Тебе как зрителю и страшно от нее такой: не раскаявшейся, не испытавшей чувство вины, но одновременно ты сочувствуешь ей в полной мере – так понятно, так жизненно, так полнокровно ее частное горе. Она ничего не поняла, но почувствовала – мир неправильный, мир страшный. Она женщина до мозга костей – по дороге в лагерь смастерила шляпку из проволоки и марли, чтобы не обгореть. Она красавица и гордячка, не нечто бесформенное, как обычно представляешь себе советскую номенклатуру. Поражает ее сила – она подробно рассказывает, например, об этой шляпке, а про страшное – про аборт без наркоза, про бесплодие на всю оставшуюся жизнь говорит в проброс, скомкано, то ли усилием воли заставляя свою память отсечь невыносимое воспоминание, то ли не желая впускать посторонних в интимную зону. Удивительные эти тексты – готовая пьеса, написанная самой жизнью.

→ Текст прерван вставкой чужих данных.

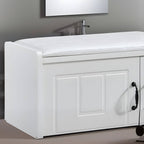 Compact white ottoman in a luxurious bedroom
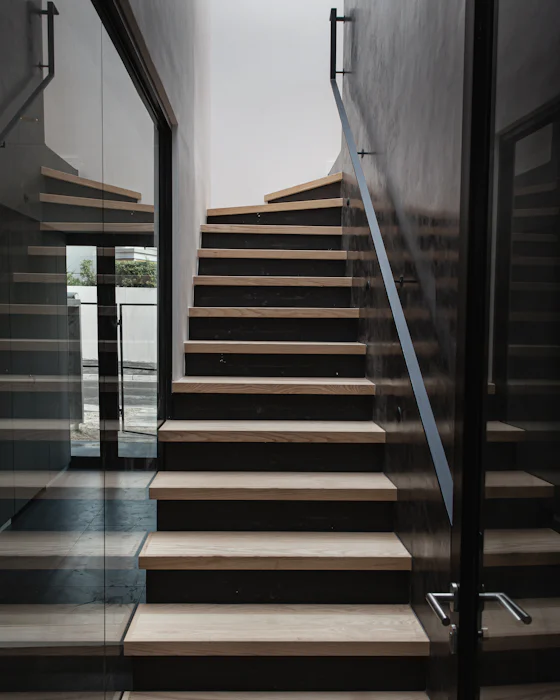 An oak stair with open treads between a dark wall and a glass screen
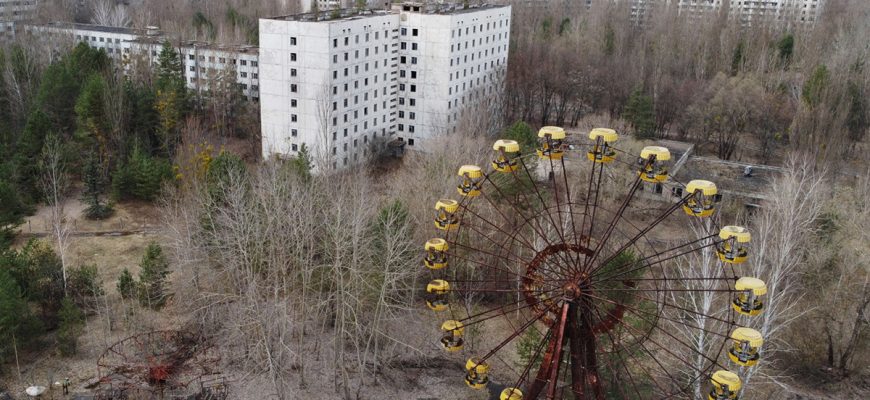35 лет назад произошла огромная трагедия, изменившая жизнь не только сотен тысяч украинцев, но и жителей планеты в целом. Взрыв на 4-ом энергоблоке в апреле 1986 года загрязнил атмосферу радиацией, и последствия человеческой халатности планета ощущает на себе до сих пор. Чернобыль находится всего в 2-х километрах от городка Припять, который на то время подавал огромные надежды и с радостью принимал новых жителей. К сожалению, ему не судьба была стать городом, в котором кипит жизнь: после взрыва более 100 тыс. жителей были эвакуированы, а 30-километровая зона стала зоной отчуждения. Работу ЧАЭС остановили в 2000 году, но полноценная остановка работы энергоблоков может занять еще очень много времени. Саркофаг, построенный над 4-м энергоблоком, полностью достроили в 2019 году и ввели в эксплуатацию. Работы по реконструкции саркофага и остановке работы ЧАЭС продолжаются до сих пор, а туроператоры организовывают экскурсии в зону отчуждения. Много туристов хочет попасть в Чернобыль и посмотреть на все своими глазами. Спустя больше чем 30 лет природа победила цивилизацию и поглотила город. Попав туда, кажется, что здесь всегда был непролазный лес и только заброшенные дома каким-то непонятным образом здесь оказались. Там, где раньше были кафе, кинотеатр, парки с развлечениями - сейчас растут деревья. Дома выглядят устрашающе, а квартиры внутри уже не напоминают уютные помещения, в которых раньше жилы люди. Время, осадки и погода повлияли на состояние квартир - уже нет следа от какого-либо ремонта, все некрасивое и заброшенное. Очень сильно такому внешнему виду домов и квартир в частности помогли мародеры: они вывезли отсюда все ценное (металл, вещи, ценности и все то, чем можно поживиться и на чем заработать денег) и оставили после себя разруху и бардак. Зайдя в любую из квартир, сразу понимаешь, что здесь побывал человек с желанием наживы: все разбросанное, исковерканное, батареи отсутствуют, как и большинство металлических предметов в квартирах. Все лежит вверх дном. Люди, которых насильно эвакуировали из их домов, верили, что когда-то вернутся сюда, но их мечте не суждено было сбыться. Большинство их вещей осталось в квартирах как приманка для людей, желающих поживиться за чужой счет. Когда оказываешься в Припяти, кажется, что только вчера здесь бурлила и кипела жизнь: молодежь гуляла по парку, школьники шли учиться, старики сидели на лавочках и говорили о своем, а сегодня ничего этого здесь нет. Только шум листьев и тоскливое молчание города, который когда-то должен был стать пристанью для спокойной, размеренной и счастливой жизни. Туристы, чтобы попасть в зону отчуждения, проходят строгий досмотр и не могут быть на территории Припяти и Чернобыля в открытой одежде. Также они не могут попасть туда самовольно - пребывание разрешено только в присутствии гида. Находиться здесь можно не более чем 5 дней, но поток туристов просто огромен: после выхода в 2019-м году сериала "Чернобыль" количество желающих попасть сюда и увидеть все своими глазами выросло в несколько раз. Больше 125 тыс. человек посетило зону отчуждения и количество туристов не уменьшается.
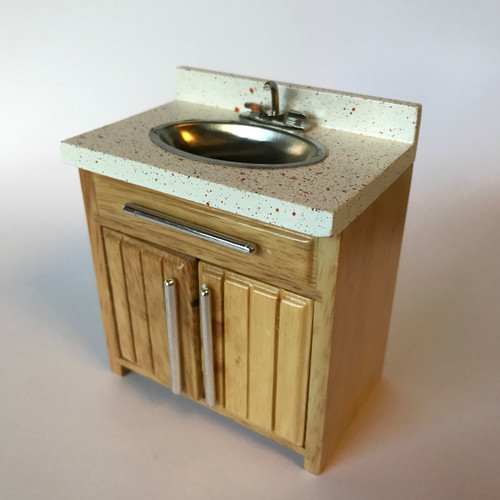 Sink with spatter countertop and oak stained panel cabinet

Второй персонаж – пожалуй, самый страшный герой спектакля – начальник охраны в Печорлаге (Аркадий Волгин) – обаятельный, с подвижным, простым и честным, очень «народным» лицом старикан. Симпатичный, в принципе, человек – собаку свою служебную любил сильно, вспоминает с нежностью. У него все просто – Солженицын врет, никого не мучили, надо его по 58 статье пустить, чтобы не клеветал на советскую власть. Да и вообще – с врагами так и надо, чего жалеть. И, как кричат сегодняшние недалекие “патриоты”: можем повторить. Все это выдается как природная, крестьянская, что ли мудрость – незлобиво, рассудительно, между делом. В этом человеке нет садизма мучителя, нет маниакального наслаждения – просто исполнительный труженик – так еще страшнее: тотальное равнодушие, невключенность, поточность и конвейер в исторической перспективе губительнее персональной злонамеренности.
Спокойно, без всякой экзальтации «Чук и Гек» формулирует вполне актуальную мысль: любой человек ответствен за то, что случается в его время – отворачиваясь от страшного, он позволяет ему происходить.